§ Work to complete
With pictures left out, set down exactly the lines from the line containing "Cropped Striped Polo Jumper GREEN" through the last line of the data.

Short web captions:
= Beginning of Section =

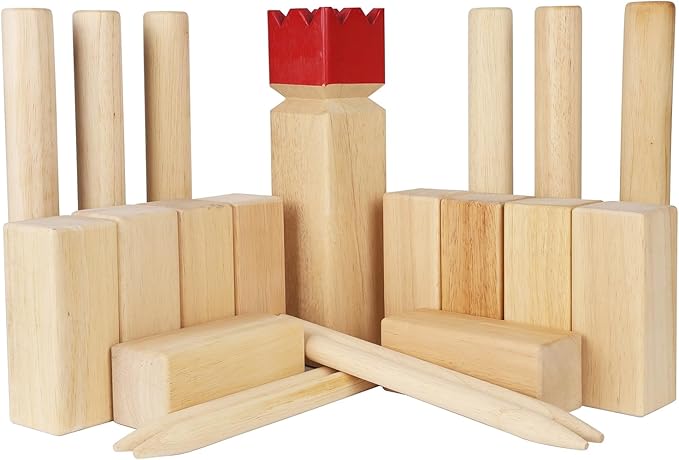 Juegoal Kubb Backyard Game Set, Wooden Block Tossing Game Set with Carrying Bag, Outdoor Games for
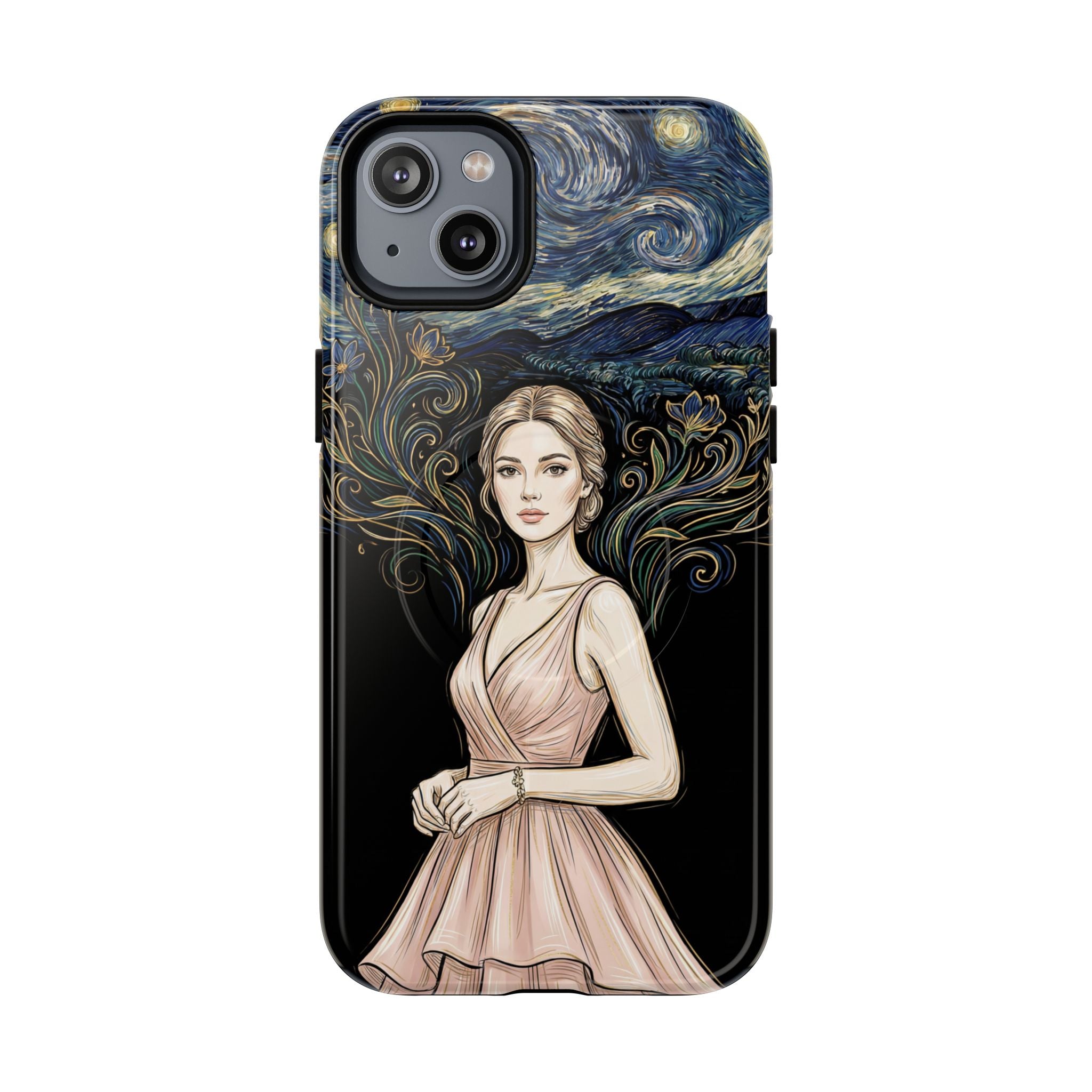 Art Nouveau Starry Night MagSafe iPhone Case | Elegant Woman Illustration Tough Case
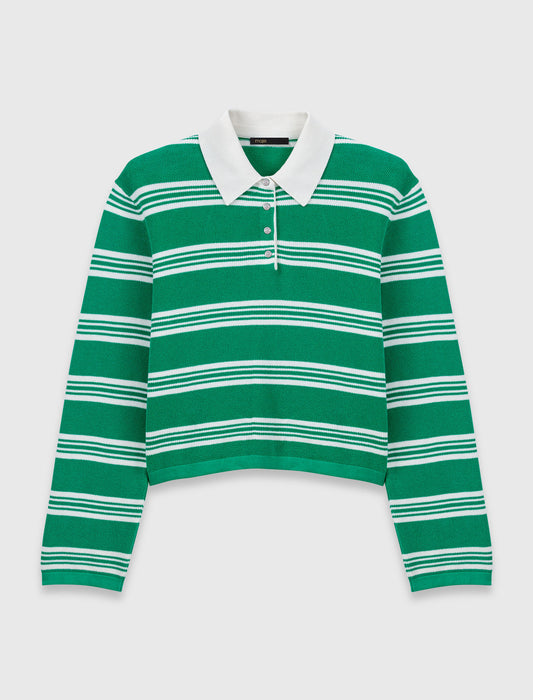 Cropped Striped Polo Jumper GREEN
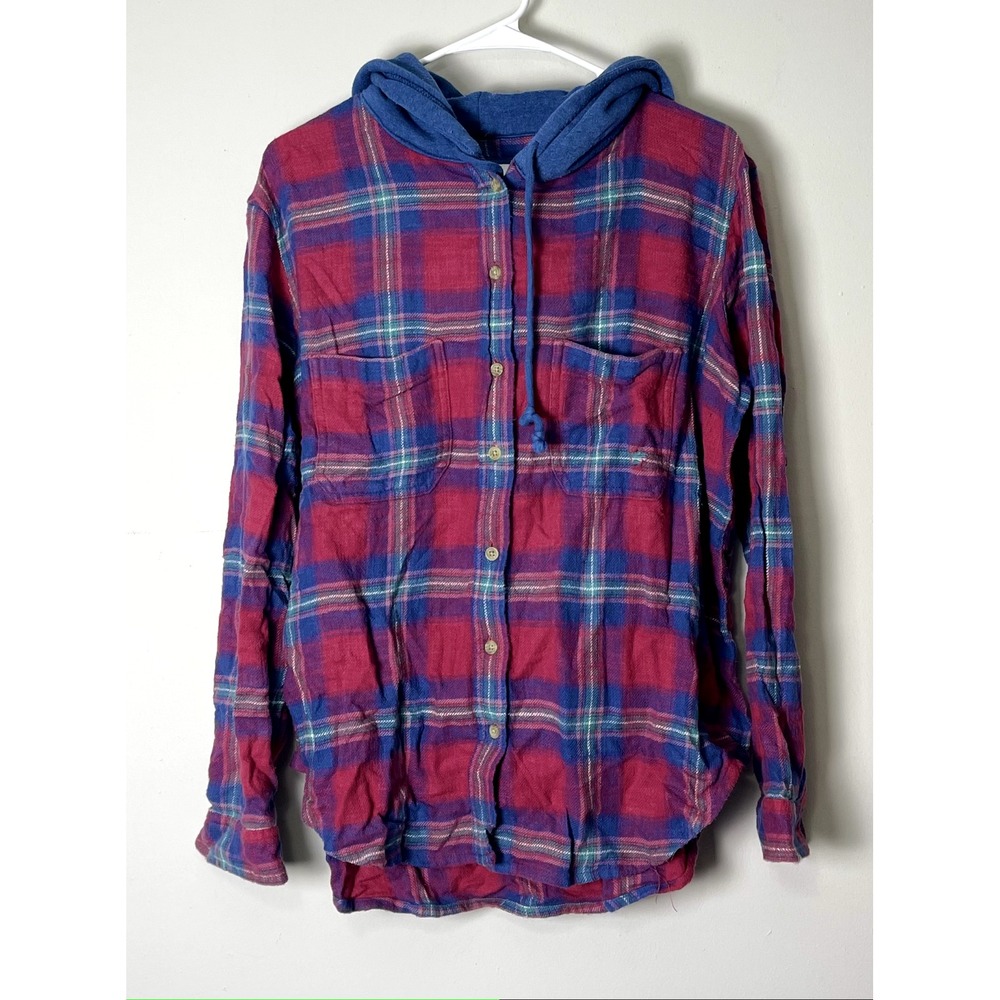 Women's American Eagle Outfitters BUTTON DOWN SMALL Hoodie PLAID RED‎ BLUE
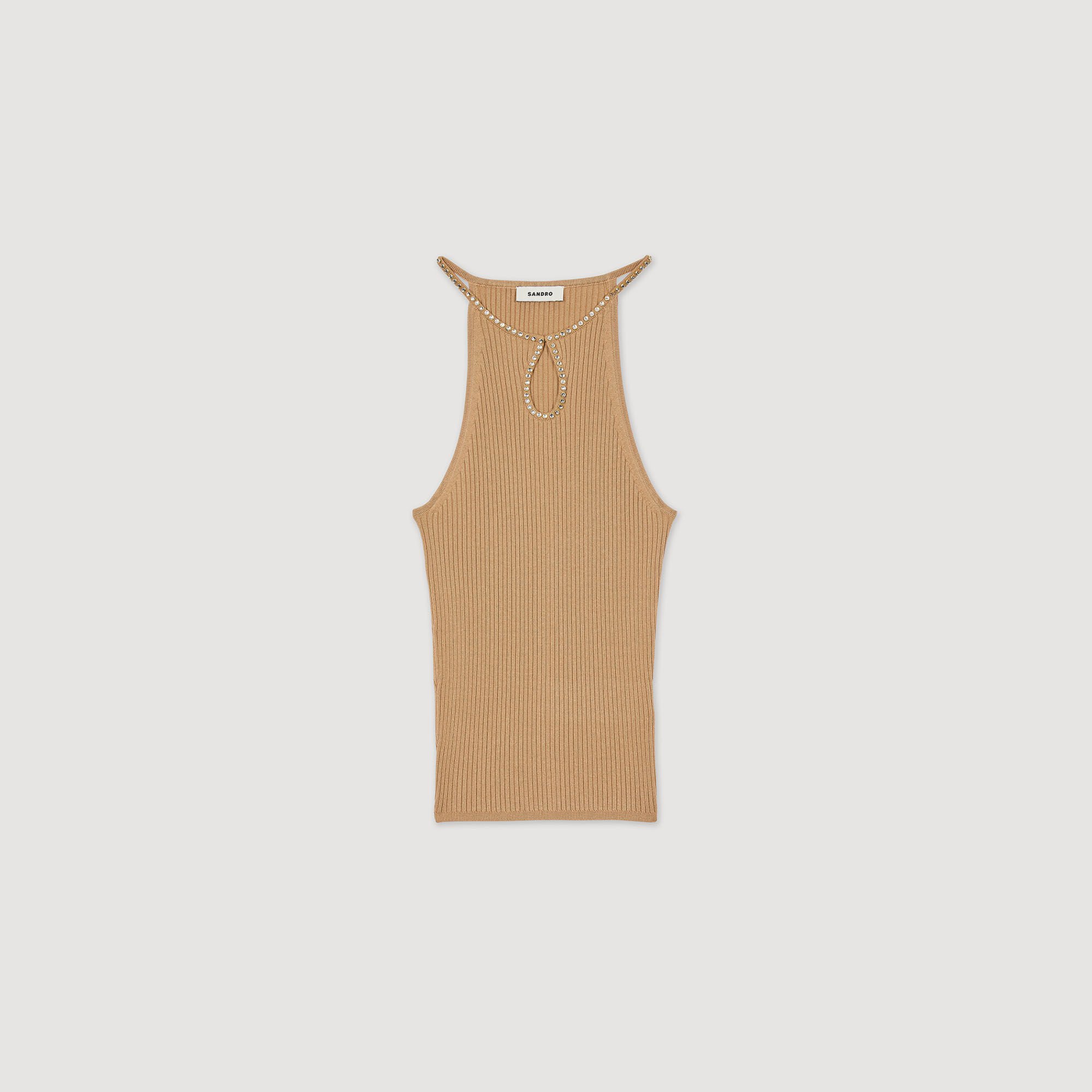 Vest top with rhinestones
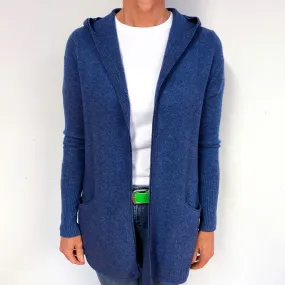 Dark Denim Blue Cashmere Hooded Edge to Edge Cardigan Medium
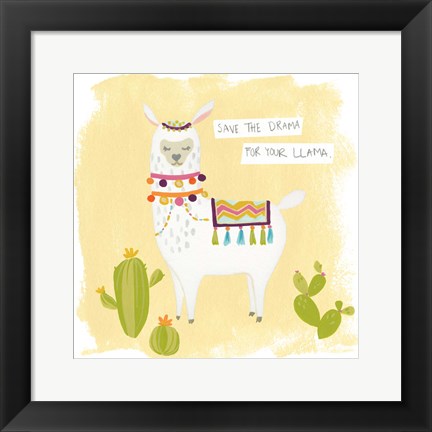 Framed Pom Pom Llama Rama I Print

= End of Section =

§ Reply to the task
 Cropped Striped Polo Jumper GREEN
 Women's American Eagle Outfitters BUTTON DOWN SMALL Hoodie PLAID RED‎ BLUE
 Vest top with rhinestones
 Dark Denim Blue Cashmere Hooded Edge to Edge Cardigan Medium
 Framed Pom Pom Llama Rama I Print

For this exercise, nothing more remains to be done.